These are quotes from Plastic-Free: How I Kicked the Plastic Habit and How You Can Too, a book by Beth Terry, who educated herself about environmental, health and political issues surrounding plastic and found ways to get it almost entirely out of her life. Her passion lead her to pen a now very successful blog called My Plastic-Free Life that inspired the book, both in which she shares her personal journey and offers accessible solutions without imposing guilt. But her driving forces goes beyond plastic - there's a bigger message within her words that encourages people to start thinking and living differently to achieve longer, happier lives.

The following video is a review of Plastic-Free: How I Kicked the Plastic Habit and How You Can TooMy feelings are best captured on camera than in writing, but I wanted to share some more details, facts, quotes and links to more information here because it's more easily accessible.

A Users Guide to Plastic Free Life by Beth Terry

The book clears up a lot of confusion by providing answers to many popular questions, like:

  • What is plastic? And, how is it made?
  • Are plastic containers safe?
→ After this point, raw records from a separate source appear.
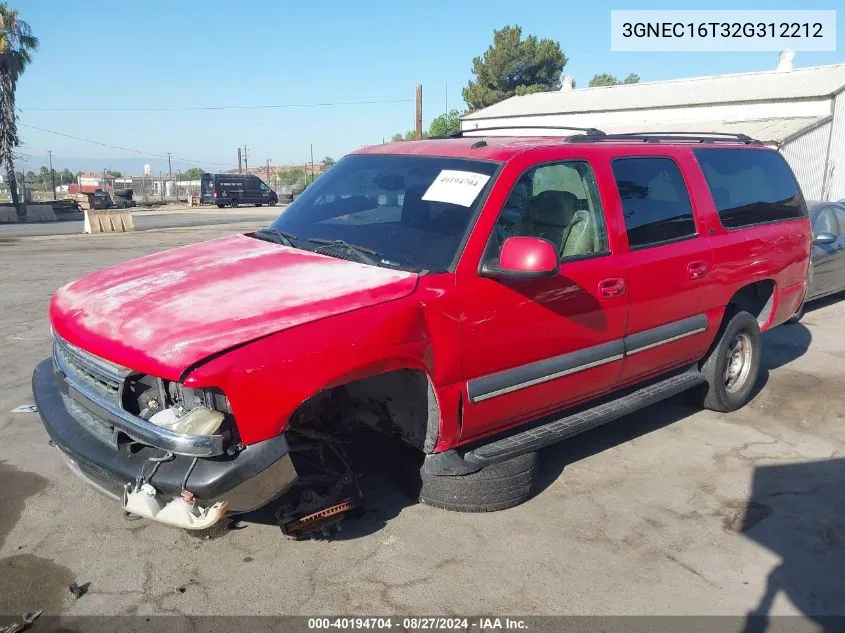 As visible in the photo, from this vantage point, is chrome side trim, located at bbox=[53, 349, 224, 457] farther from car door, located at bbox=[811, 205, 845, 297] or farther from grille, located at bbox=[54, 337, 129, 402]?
car door, located at bbox=[811, 205, 845, 297]

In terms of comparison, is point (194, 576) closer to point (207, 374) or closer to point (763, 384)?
point (207, 374)

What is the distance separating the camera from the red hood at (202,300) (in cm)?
262

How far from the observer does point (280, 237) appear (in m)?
3.97

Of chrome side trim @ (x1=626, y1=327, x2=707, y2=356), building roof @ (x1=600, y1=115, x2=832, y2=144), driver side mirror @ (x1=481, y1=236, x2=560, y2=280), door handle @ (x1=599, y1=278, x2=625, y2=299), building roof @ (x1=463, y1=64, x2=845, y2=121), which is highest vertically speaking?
building roof @ (x1=463, y1=64, x2=845, y2=121)

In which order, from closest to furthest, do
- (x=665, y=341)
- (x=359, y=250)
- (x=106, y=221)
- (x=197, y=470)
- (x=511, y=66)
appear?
1. (x=197, y=470)
2. (x=359, y=250)
3. (x=665, y=341)
4. (x=106, y=221)
5. (x=511, y=66)

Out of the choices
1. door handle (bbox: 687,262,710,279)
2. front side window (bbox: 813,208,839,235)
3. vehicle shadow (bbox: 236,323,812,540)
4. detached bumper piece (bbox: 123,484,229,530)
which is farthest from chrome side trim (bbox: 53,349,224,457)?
front side window (bbox: 813,208,839,235)

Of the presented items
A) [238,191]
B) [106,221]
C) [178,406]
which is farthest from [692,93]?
[178,406]

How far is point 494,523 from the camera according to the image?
3574 millimetres

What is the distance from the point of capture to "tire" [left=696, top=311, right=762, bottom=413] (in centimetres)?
500

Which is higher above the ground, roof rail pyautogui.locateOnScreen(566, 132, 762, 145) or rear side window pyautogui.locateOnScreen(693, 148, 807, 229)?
roof rail pyautogui.locateOnScreen(566, 132, 762, 145)

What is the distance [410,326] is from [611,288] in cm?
139

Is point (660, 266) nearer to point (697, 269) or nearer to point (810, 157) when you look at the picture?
point (697, 269)

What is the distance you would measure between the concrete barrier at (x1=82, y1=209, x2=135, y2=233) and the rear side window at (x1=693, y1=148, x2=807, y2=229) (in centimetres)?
2027

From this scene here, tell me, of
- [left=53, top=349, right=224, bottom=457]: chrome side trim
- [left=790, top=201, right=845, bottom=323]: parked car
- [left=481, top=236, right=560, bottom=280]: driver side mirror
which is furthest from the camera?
[left=790, top=201, right=845, bottom=323]: parked car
What do the numbers on them mean?
  • What's the deal with recycling plastic?
  • Is it really take bad if I buy water in plastic bottles?
  • What should I do with the plastic I already own?
  • What is biodegradable vs compostable?
  • What is BPA, PVC and phthalates?
  • Do my body care and household items have plastic in them, and if so, what should I do?
  • and pretty much everything else you've ever wondered about plastic
I love Beth's writing style - she made me laugh and kept me engaged page after page. I found myself highlighting so many phrases that resonatated with and shocked me - here are a few of my favorites:
  • "The bottled water industry spends over $150 million per year on advertising in the United States to convince us we can’t be healthy or satisfied without its product"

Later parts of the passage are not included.